[Thread] read_write_mutex bug?

Hi, Testing my own wrapper on x86_64 bit linux exposed a seeming deadlock on constructing a read_write_lock with a *::write_locked initial state in the constructor... I've distilled it to the plain code below that exhibits the same failure. Using a read_lock state on the same works without deadlock (or safety is this case) as expected. Using a scoped_write_lock worked once but deadlocked mostly. A normal mutex and recursive mutex works as expected. I'm using 1.33. Is this a known bug or am I using the read_write stuff incorrectly? Regards, Matt. matthurd@acm.org ____________________________________ my test in question:... void synch_test_019() { static int global_count = 0; static boost::read_write_mutex doobie( boost::read_write_scheduling_policy::writer_priority ); long number_of_threads = 10; static long inner_loop = 1000; ZOMOJO_WORKER_THREAD_BEGIN( inner_loop ) { boost::read_write_mutex::scoped_read_write_lock lk(doobie, boost::read_write_lock_state::write_locked); global_count = global_count + 1; } ZOMOJO_WORKER_THREAD_END( number_of_threads ) BOOST_MESSAGE( "orderly progression = " << inner_loop * number_of_threads ); BOOST_MESSAGE( "concurrent progression from this run = " << global_count ); BOOST_CHECK_PREDICATE(std::equal_to<int>(), (global_count)( inner_loop * number_of_threads) ); } _________________________________________________ The helper macros _________________________________________________ #ifndef ZOMOJO_THREAD_TEST_HELPER_HPP_20050816 #define ZOMOJO_THREAD_TEST_HELPER_HPP_20050816 // A poor man's barrier helper to assist in unit test cases for parallel execution #define ZOMOJO_WORKER_THREAD_BEGIN( LoopIterations ) \ static boost::read_write_mutex m_arbitrary_( boost::read_write_scheduling_policy::writer_priority ); \ struct simple_function_arbitrary_ \ { \ static void do_work_arbitrary_() \ { \ boost::read_write_mutex::scoped_read_lock lk_arbitrary_(m_arbitrary_); \ for (int j_arbitrary_ = 0; j_arbitrary_ < (LoopIterations); j_arbitrary_++) \ { #define ZOMOJO_WORKER_THREAD_END( NumberOfThreads ) \ } \ } \ }; \ \ boost::thread_group pool_arbitrary_; \ \ { \ boost::read_write_mutex::scoped_write_lock lk(m_arbitrary_); \ for (int i_arbitrary_=0; i_arbitrary_ < NumberOfThreads; ++i_arbitrary_) \ { \ pool_arbitrary_.create_thread( simple_function_arbitrary_::do_work_arbitrary_ ); \ } \ } \ \ pool_arbitrary_.join_all(); #endif // ZOMOJO_THREAD_TEST_HELPER_HPP_20050816

On Monday 22 August 2005 03:59, Matt Hurd wrote:
Using a read_lock state on the same works without deadlock (or safety is this case) as expected.

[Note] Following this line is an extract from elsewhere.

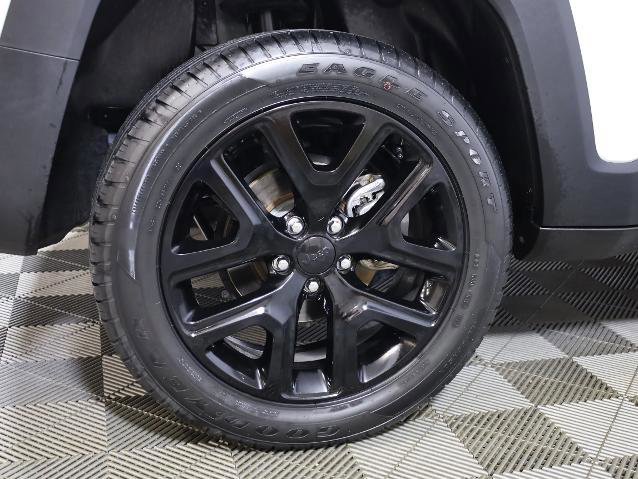 Used 2023 Jeep Renegade Altitude w/ Convenience Group I image 21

Using a scoped_write_lock worked once but deadlocked mostly.
A normal mutex and recursive mutex works as expected.
I'm using 1.33. Is this a known bug or am I using the read_write stuff incorrectly?
I noticed same thing last week--a multithreaded program deadlocks with multiple threads waiting for write lock but no one holding it. It was not immediately clear to me why. This was reproduced on win32, linux and solaris, so it appears to be read_write_lock specific problem. Underlying primitives (mutex and condition) work fine on all platforms. The same code worked fine with boost 1.32. Teemu

On 23/08/05, Teemu Torma <teemu@torma.org> wrote:
On Monday 22 August 2005 03:59, Matt Hurd wrote: I'm using 1.33. Is this a known bug or am I using the read_write stuff incorrectly?
I noticed same thing last week--a multithreaded program deadlocks with multiple threads waiting for write lock but no one holding it. It was not immediately clear to me why.
This was reproduced on win32, linux and solaris, so it appears to be read_write_lock specific problem. Underlying primitives (mutex and condition) work fine on all platforms.
The same code worked fine with boost 1.32.
Teemu
Thanks for the confirmation Teemu. Perhaps boost would be better off with a simpler but similar approach totally rewritten to use posix on all platforms including win32. Posix is viable on Mac these days I assume too. Support would be easier I'd think. I'd be prepared to put an initial cut together. At least Alexander Terekhov would be happy ;-) There is a certain attractiveness is making posix do the heavy lifting... A 90% solution that covers basic atomic ops, simple fencing and mutex / lock implementations better suited to policy implementations wouldn't be too hard. I guess at a minimum tests should detect if multithreaded apps correctly fail when not protected so that the efficacy of other concurrency testing is known. I use this approach in my testing where it warns if unprotected concurrency works where it should fail. matt.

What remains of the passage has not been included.